I guess what I deciphered from the scrambled text was that you wonder what the difference is from gym muscle to every day natural functional strength. Is this correct?


----------



## KelJu (Jan 21, 2008)

The difference between real world muscle and gym muscle is simple. Gym muscle helps you lift more in the gym, while real world muscled helps you do real world task. I'm not sure what exactly you are trying to figure out.


----------



## Mudge (Jan 21, 2008)

You adapt to things you do in your daily life and optimize for those tasks. If I stop barbell benching and move onto something else (say dumbells) my barbell bench drops a bit. I also have to adjust when I change gyms, I think once I lost around 15 pounds on my bench moving from from gym to another, no joke.


----------



## Hoglander (Jan 21, 2008)

My daydream muscles kick ass over my gym and real world muscles. On time I went to the gym there was a new machine . It must have been locked down or something because I lifted the whole gym for 6 reps. It was sweet.


----------



## Doublebase (Jan 21, 2008)

A good example of this is my father and I.  He worked construction for 10 years and is just one of those guys that can bust his ass all day no problem.  Where as me, I bitch and moan at physical labour.  I can bench, squat, DL you name it, close to double what my dad can.  Yet he can still beat me in arm wrestling.  I'm also 4" taller then him.  I can probably take him now though.  He just turned over 50.  I don't want to try though.  It frustrates me.


----------



## danzik17 (Jan 21, 2008)

Doublebase said:


> A good example of this is my father and I.  He worked construction for 10 years and is just one of those guys that can bust his ass all day no problem.  Where as me, I bitch and moan at physical labour.  I can bench, squat, DL you name it, close to double what my dad can.  Yet he can still beat me in arm wrestling.  I'm also 4" taller then him.  I can probably take him now though.  He just turned over 50.  I don't want to try though.  It frustrates me.

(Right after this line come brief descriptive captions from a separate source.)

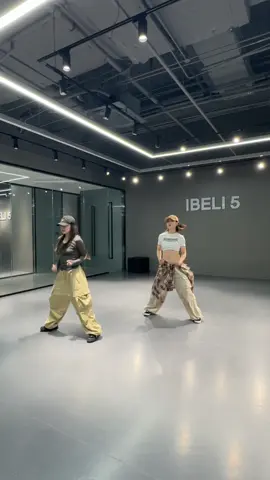 Pop! - Adanna Duru With Eva 🫶🏻  📍IBELI 5 Dance Studio, Nanjing #popadannaduru #dancepractice #dancecover #danceclass #monroechoreography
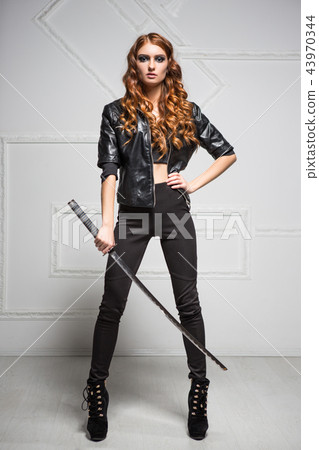 Leggy young woman 43970344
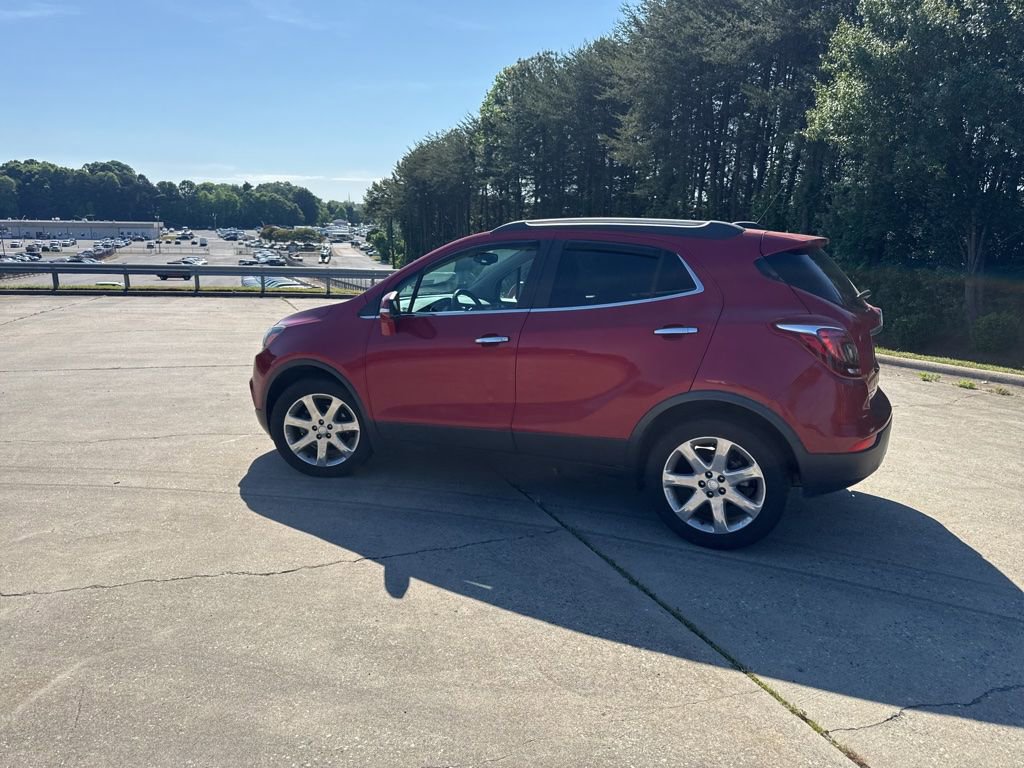 Used 2018 Buick Encore Essence w/ Experience Buick Package FWD image 8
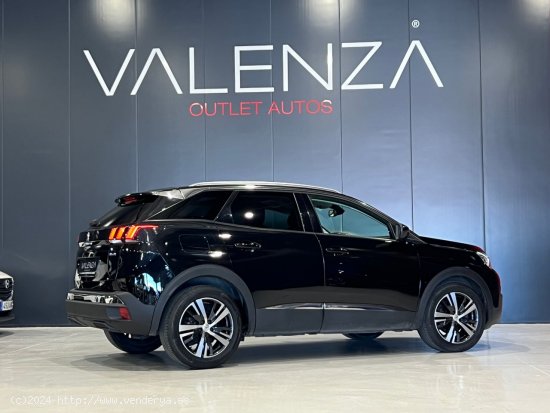 Peugeot 3008 allure 1.2 130cv - Córdoba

Good, I'm not the only one.  So frustrating when my dad does stuff like that and I have a hard time with it - it's just like WTF I can lift twice what you can in the gym, what the hell is going on here.


----------



## 01warrior (Jan 21, 2008)

I guess what I deciphered from the scrambled text was that you wonder what the difference is from gym muscle to every day natural functional strength. Is this correct? yes correct . sorry for my rambles , but yes i was jus curious to see why that it is but duh gym muscle are for the gym and working is totally different . I dont but i always got the idea big muscles strong worker ect .


----------



## Yanick (Jan 21, 2008)

The difference has been pretty well covered. I just want to add one thing that might make all of us feel better.

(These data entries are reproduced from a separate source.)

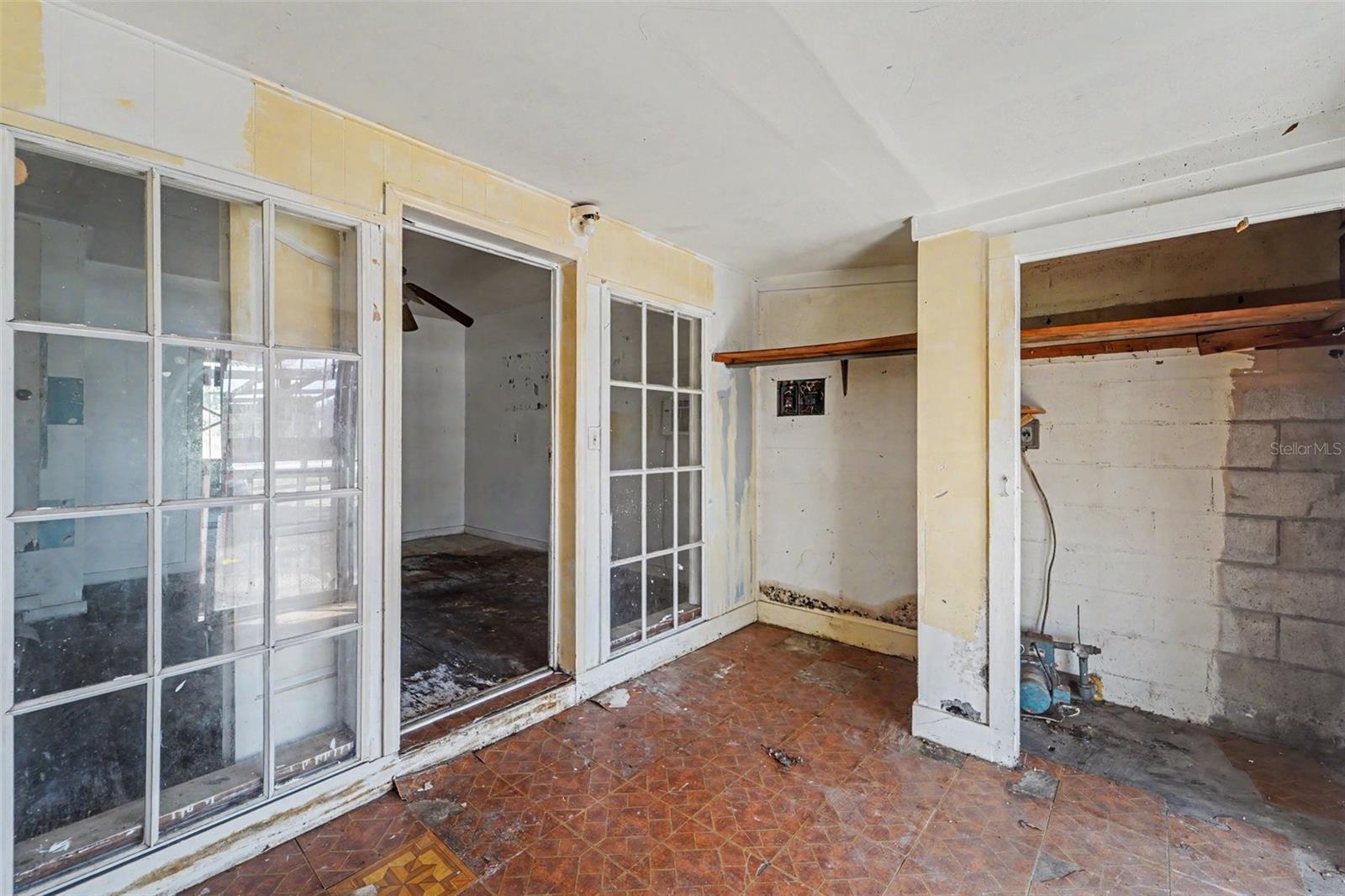 504 E EMILY STREET, Tampa, FL 33603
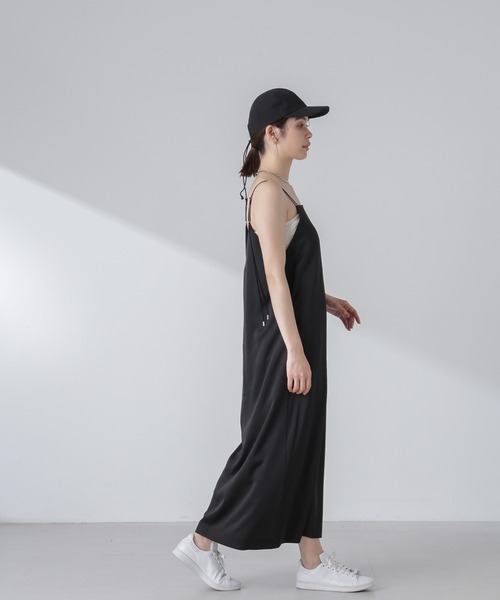 NANO universe(ナノユニバース)の「サテンキャミワンピース(ワンピース・レディース・ブラック/カーキ/ベージュ・S/M)」の16枚目の写真
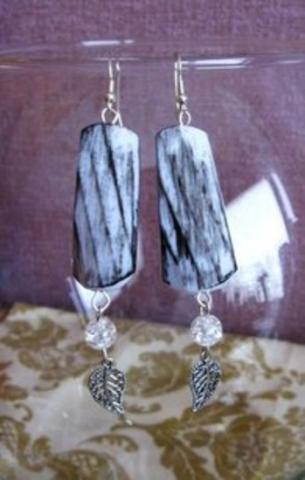 Daiktas ilgi gražūs auskarai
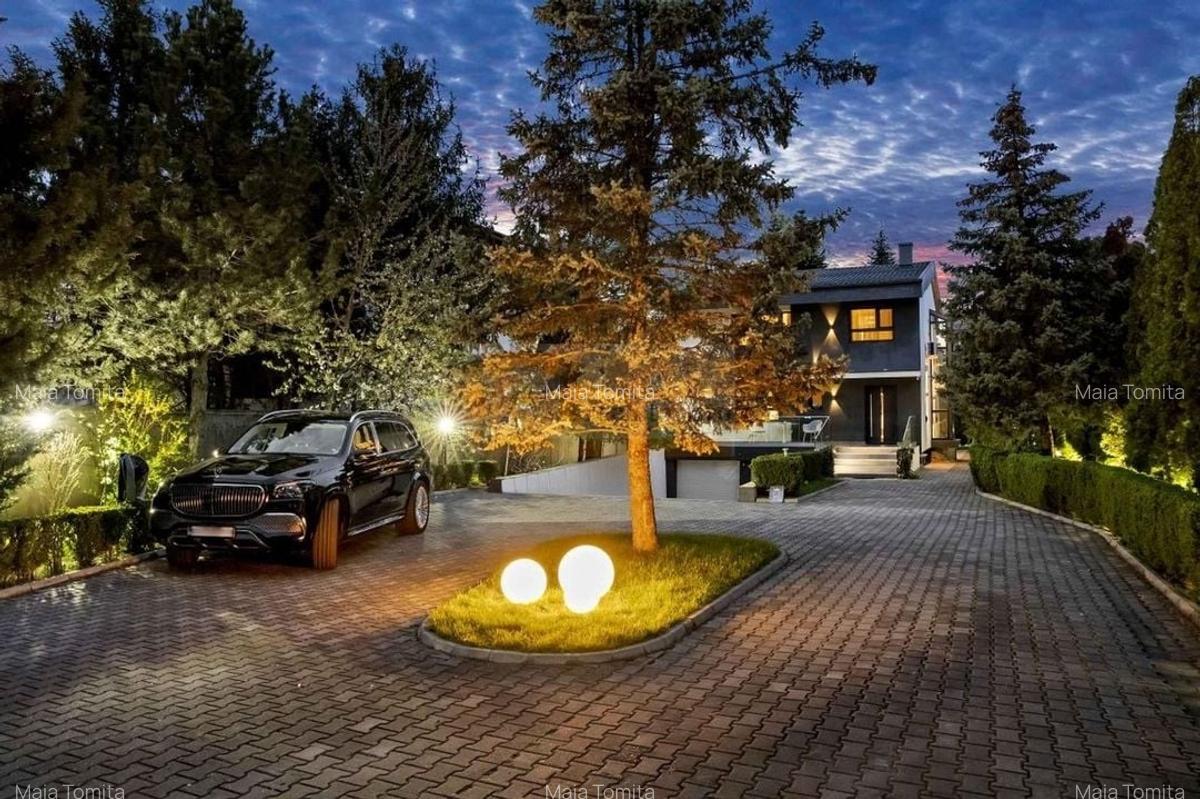 Vilă spectaculoasă pe malul lacului Snagov / 3000 mp teren / Barcă inclusă - 2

A gym goer will be stronger in the gym, a construction worker will be able to heave dry wall like its nobody's business. But if the gym goer worked smart and increased fitness in all areas while a construction worker just did construction...put both people in an unfamiliar environment the gym goer would come out on top (assuming comparable physical characteristics).


----------



## captaincaberman (Jan 22, 2008)

Isn't a good example of all this The World's Strongest Man Competition?  Don't the bodybuilders usually suck ass at competing while the heavier/Icelandic farmer dudes usually win?


----------



## Yanick (Jan 22, 2008)

All the guys you see competing on WSM are strongmen. They all train like strongmen, but some look like BB'ers and some look like tanks. The top guy for the last couple of years is a Polish competitor named Mariusz Pudzianowski, he looks like a bodybuilder...go figure.


----------



## Squaggleboggin (Jan 22, 2008)

captaincaberman said:


> Isn't a good example of all this The World's Strongest Man Competition?  Don't the bodybuilders usually suck ass at competing while the heavier/Icelandic farmer dudes usually win?

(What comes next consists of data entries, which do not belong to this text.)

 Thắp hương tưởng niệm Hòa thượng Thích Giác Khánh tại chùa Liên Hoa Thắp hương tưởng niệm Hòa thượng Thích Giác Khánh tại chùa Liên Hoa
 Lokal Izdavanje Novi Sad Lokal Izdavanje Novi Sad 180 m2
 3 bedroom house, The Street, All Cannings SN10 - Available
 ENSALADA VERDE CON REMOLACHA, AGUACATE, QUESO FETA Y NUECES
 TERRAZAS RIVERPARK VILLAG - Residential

Yes, but the reason is because these different sets of competitors (though I doubt a 'pure' bodybuilder would bother entering the competition at any level) train for completely different reasons; that is, they train with different goals in mind (ie winning that competition vs. winning a bodybuilding competition) and the training itself reflects these goals.

Of course that's really just an explanation of P-Funk's answer, though.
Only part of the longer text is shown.